- Exercise description
Your copy of the data should match it exactly, except that the pictures are gone.

---*---

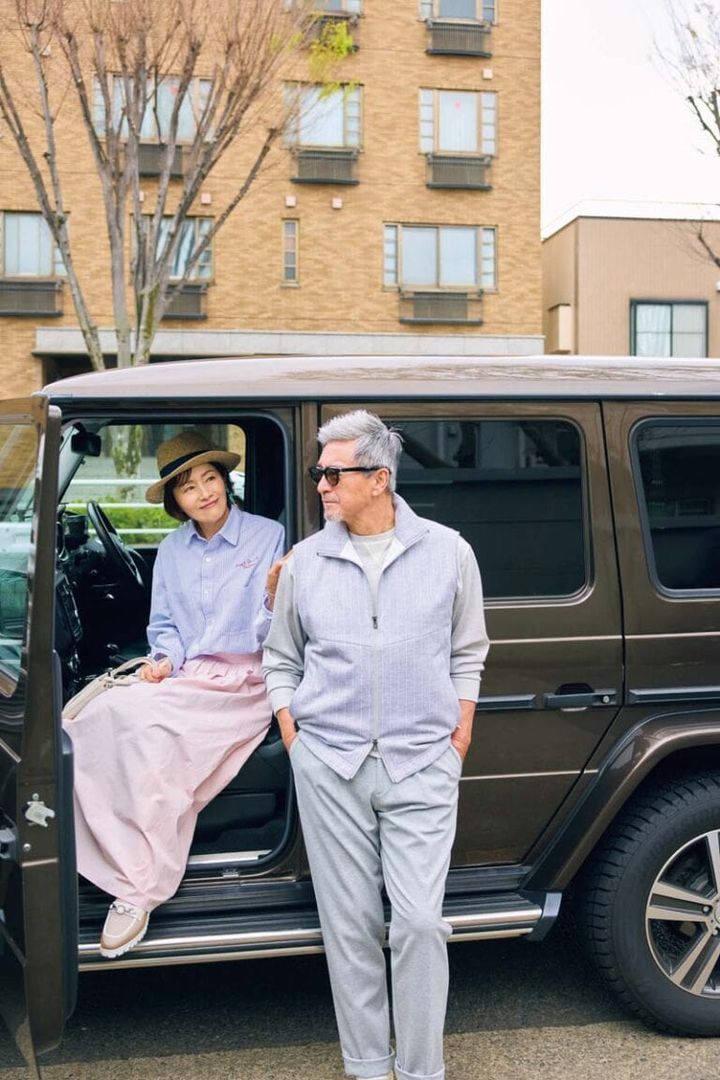 シャツ¥19,800／ペイ デイ×ジーンズ ファクトリー（ジーンズ ファクトリー 卸団地本店）、スカート¥18,700／アンクレイヴ、ショルダーバッグ〔H20×W21×D3.5㎝〕¥69,300／ロンシャン（ロンシャン・ジャパン）、ローファー〔H4㎝〕¥26,400／銀座かねまつ（銀座かねまつ6丁目本店）、ハット¥45,100／ミュールバウアー（アッシュ・ペー・フランス）、イヤリング¥12,960／アビステ、バングル¥33,000／ウノアエレシルバーコレクション（ウノアエレ ジャパン） 【雄三】ベスト¥159,500、スエットプルオーバー¥139,700／ともにシーズ、パンツ¥31,900／ベルウィッチ（すべてアマン）、サングラス¥74,800／アイヴァン 7285（アイ ヴァン 7285 トウキョウ）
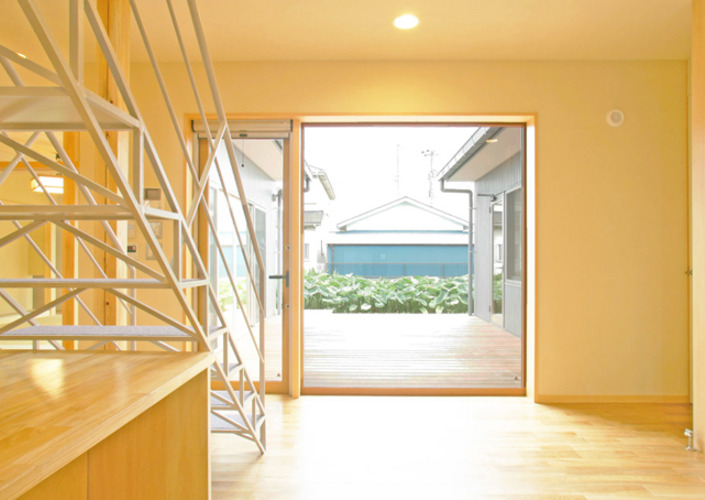 中庭の光が繋ぐ家事機能充実の家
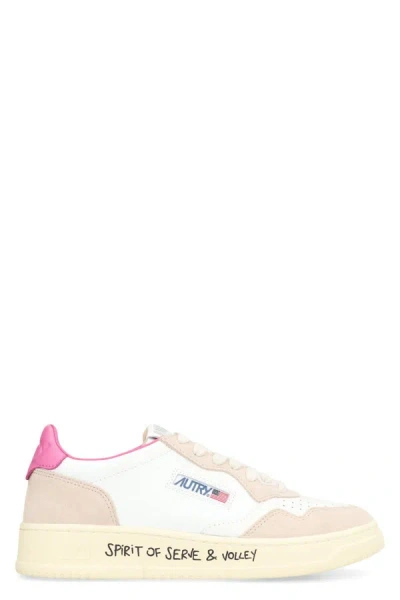 Autry Medalist Low-top Sneakers In Pink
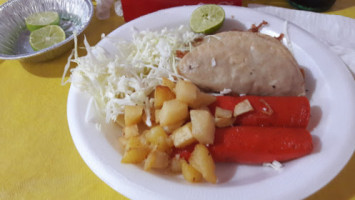 Tacos Pifas Original food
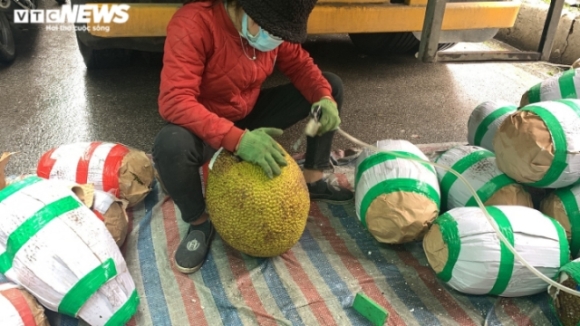 3 Nghe La Hai Ra Tien O Cua Khau Lang Son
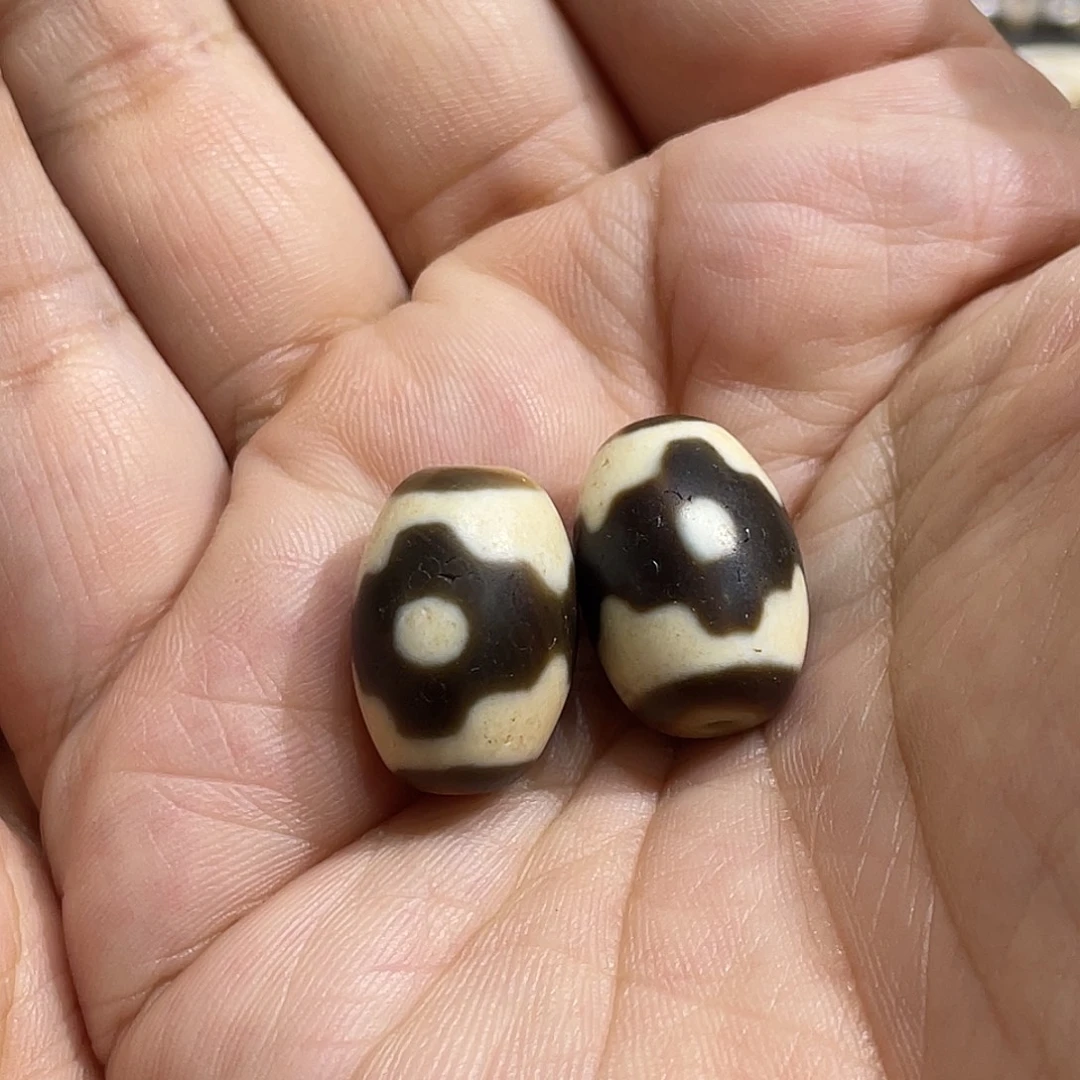 玛瑙/玉髓（覆膜）颈饰未镶嵌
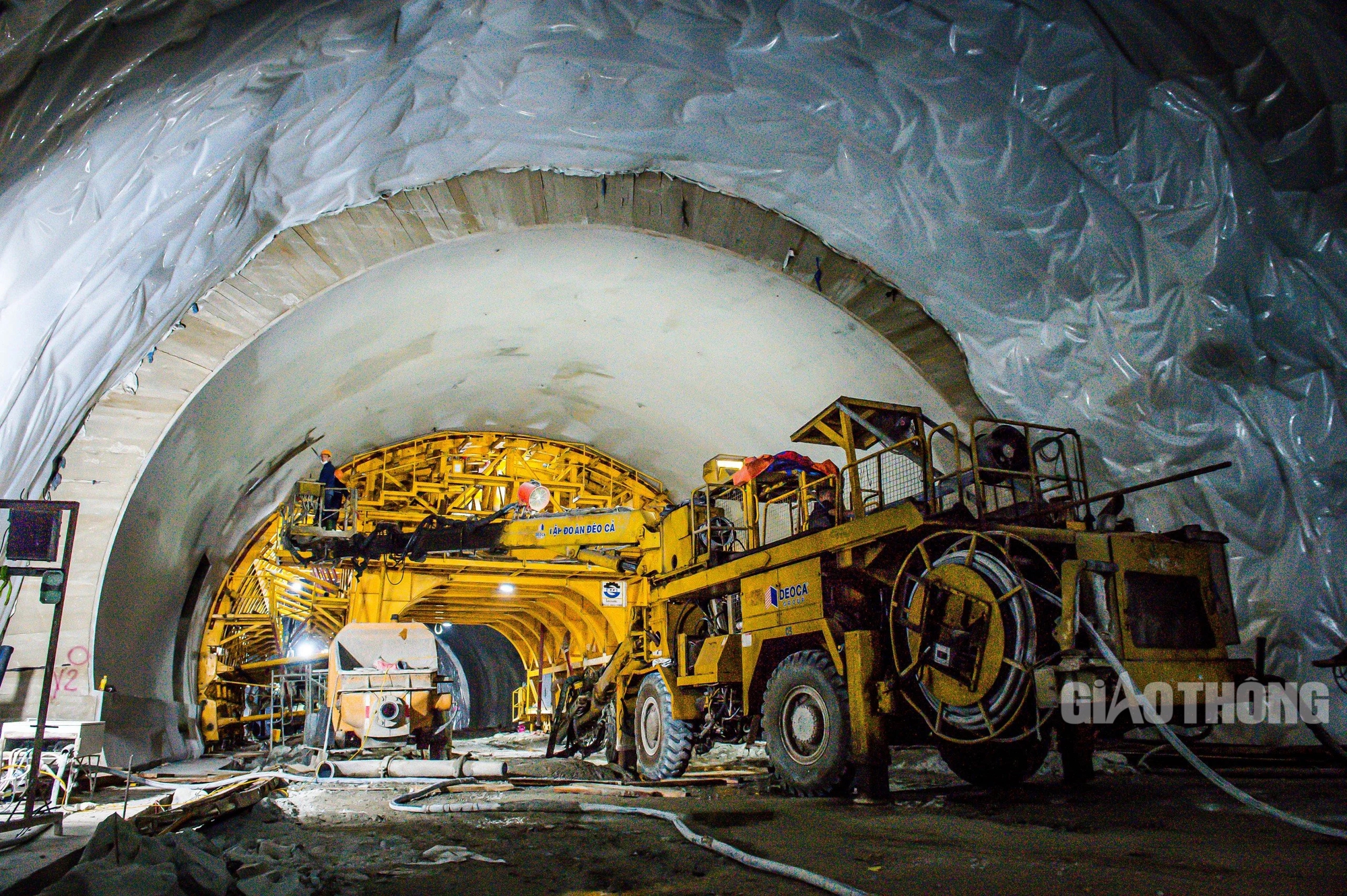 Đục đ&aacute;, khoan n&uacute;i thi c&ocirc;ng hầm cấp đặc biệt tr&ecirc;n cao tốc Bắc - Nam- Ảnh 2.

---*---

- Solution for this exercise
 シャツ¥19,800／ペイ デイ×ジーンズ ファクトリー（ジーンズ ファクトリー 卸団地本店）、スカート¥18,700／アンクレイヴ、ショルダーバッグ〔H20×W21×D3.5㎝〕¥69,300／ロンシャン（ロンシャン・ジャパン）、ローファー〔H4㎝〕¥26,400／銀座かねまつ（銀座かねまつ6丁目本店）、ハット¥45,100／ミュールバウアー（アッシュ・ペー・フランス）、イヤリング¥12,960／アビステ、バングル¥33,000／ウノアエレシルバーコレクション（ウノアエレ ジャパン） 【雄三】ベスト¥159,500、スエットプルオーバー¥139,700／ともにシーズ、パンツ¥31,900／ベルウィッチ（すべてアマン）、サングラス¥74,800／アイヴァン 7285（アイ ヴァン 7285 トウキョウ）
 中庭の光が繋ぐ家事機能充実の家
 Autry Medalist Low-top Sneakers In Pink
 Tacos Pifas Original food
 3 Nghe La Hai Ra Tien O Cua Khau Lang Son
 玛瑙/玉髓（覆膜）颈饰未镶嵌
 Đục đ&aacute;, khoan n&uacute;i thi c&ocirc;ng hầm cấp đặc biệt tr&ecirc;n cao tốc Bắc - Nam- Ảnh 2.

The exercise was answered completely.